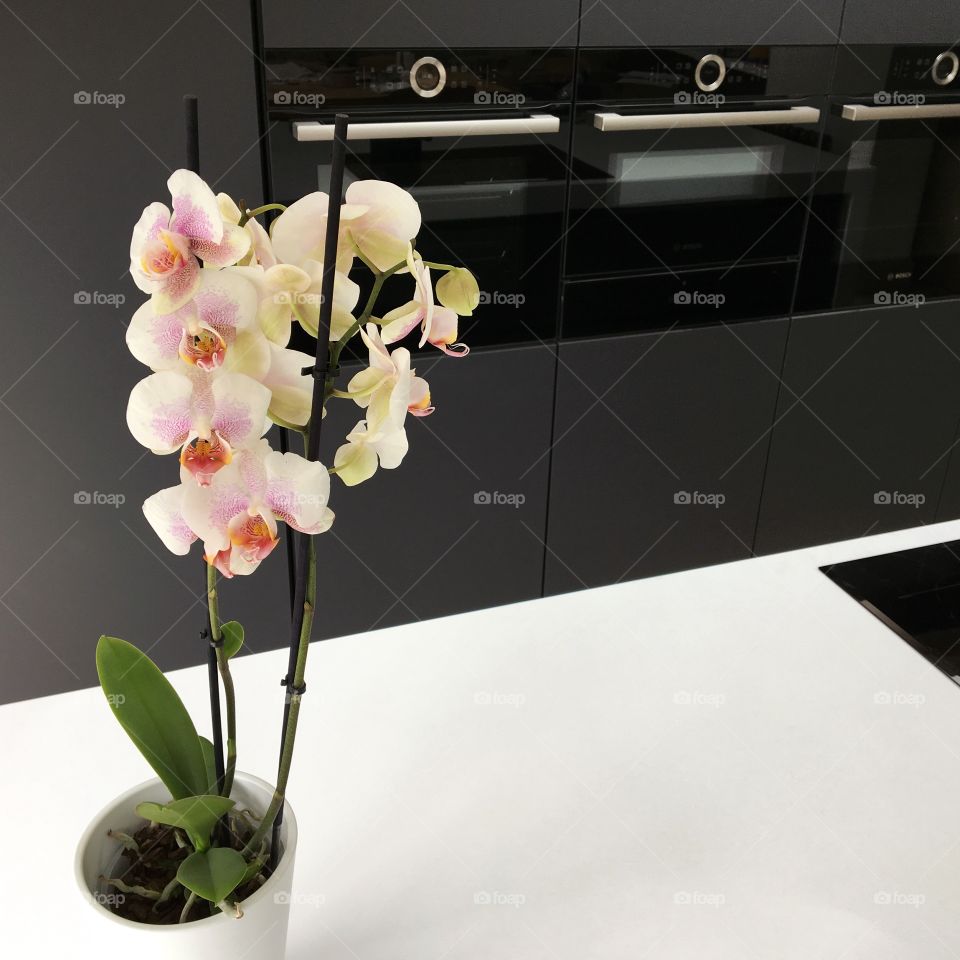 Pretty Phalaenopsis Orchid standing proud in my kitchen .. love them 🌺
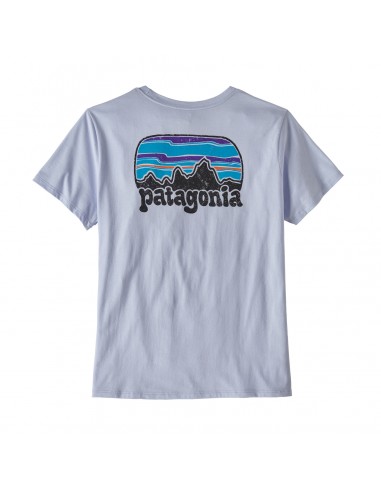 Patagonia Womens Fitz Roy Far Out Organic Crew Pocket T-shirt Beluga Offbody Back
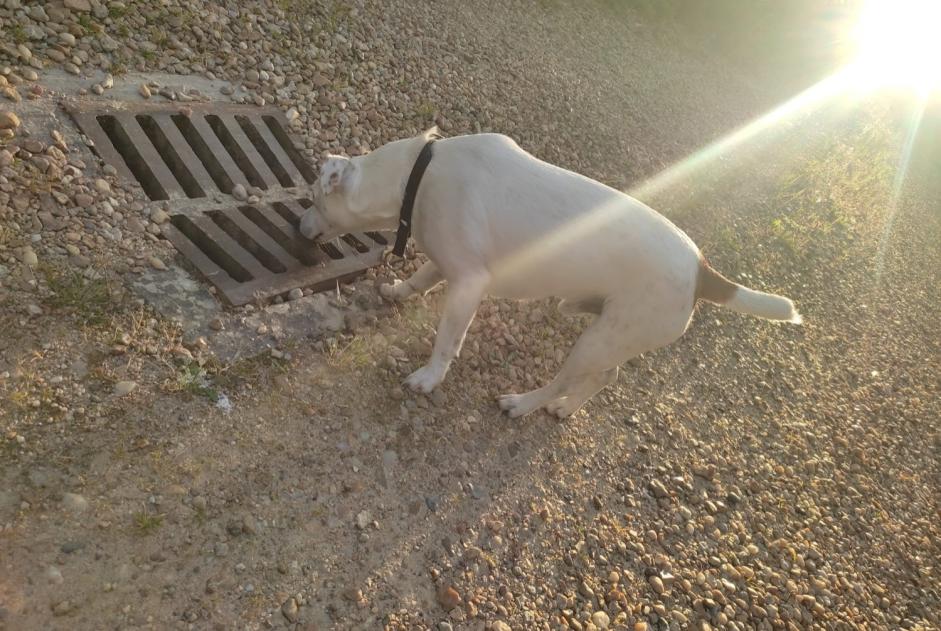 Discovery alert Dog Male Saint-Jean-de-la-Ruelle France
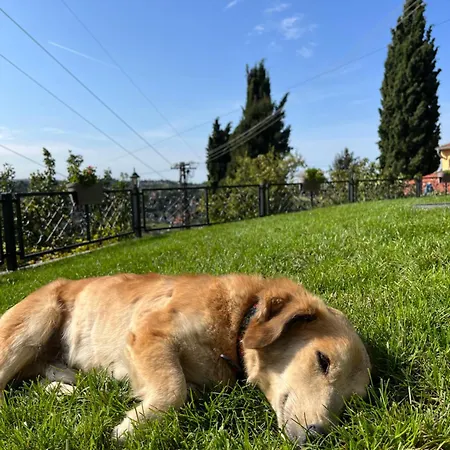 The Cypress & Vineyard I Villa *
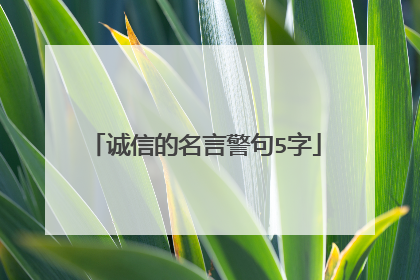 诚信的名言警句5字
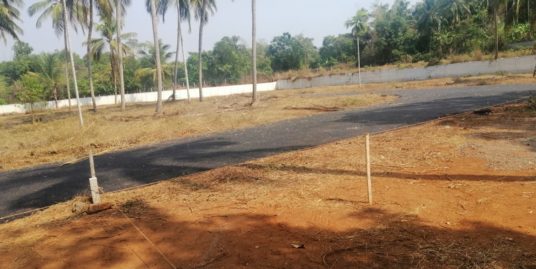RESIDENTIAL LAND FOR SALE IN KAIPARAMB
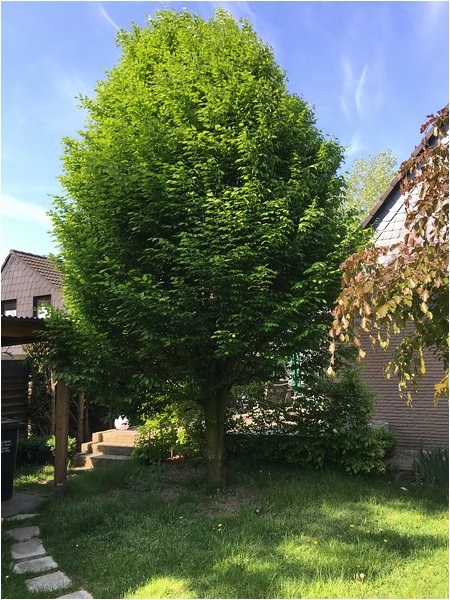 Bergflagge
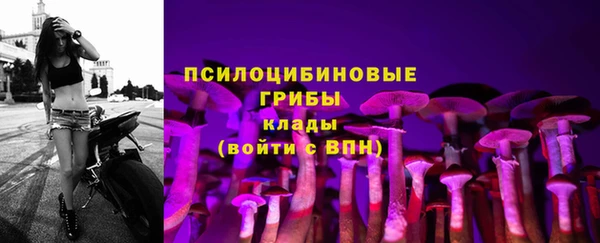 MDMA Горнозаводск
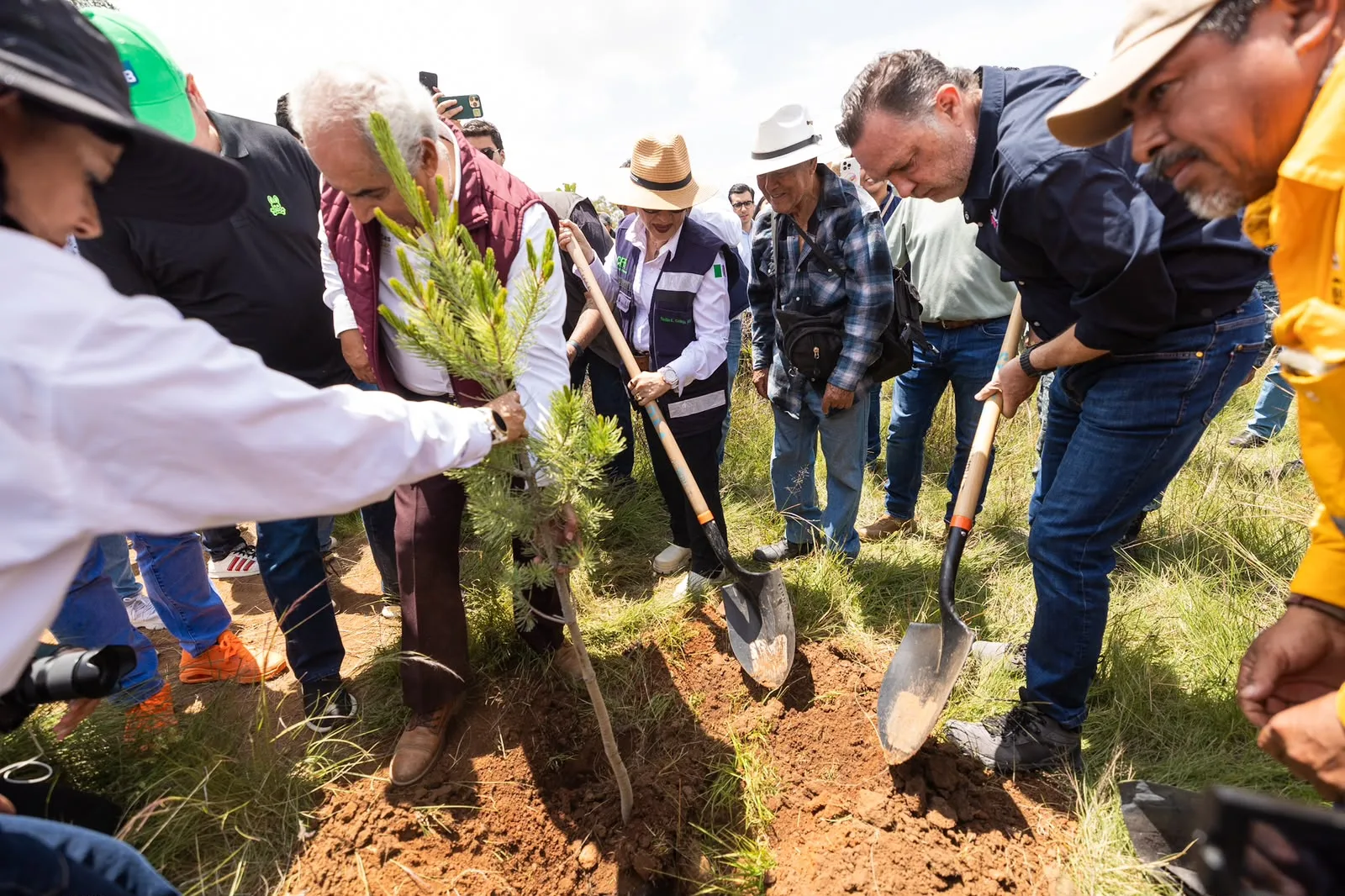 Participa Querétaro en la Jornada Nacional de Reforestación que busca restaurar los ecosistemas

══════

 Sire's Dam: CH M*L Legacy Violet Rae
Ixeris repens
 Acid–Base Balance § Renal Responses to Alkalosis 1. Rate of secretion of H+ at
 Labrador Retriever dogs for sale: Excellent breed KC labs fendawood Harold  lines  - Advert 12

══════

● INSTRUCTIONS TO FOLLOW
Above are records; repeat only the lines from the line with "RESIDENTIAL LAND FOR SALE IN KAIPARAMB" through the line with "Participa Querétaro en", and leave pictures out.

● PROBLEM SOLUTION
RESIDENTIAL LAND FOR SALE IN KAIPARAMB
 Bergflagge
 MDMA Горнозаводск
 Participa Querétaro en la Jornada Nacional de Reforestación que busca restaurar los ecosistemas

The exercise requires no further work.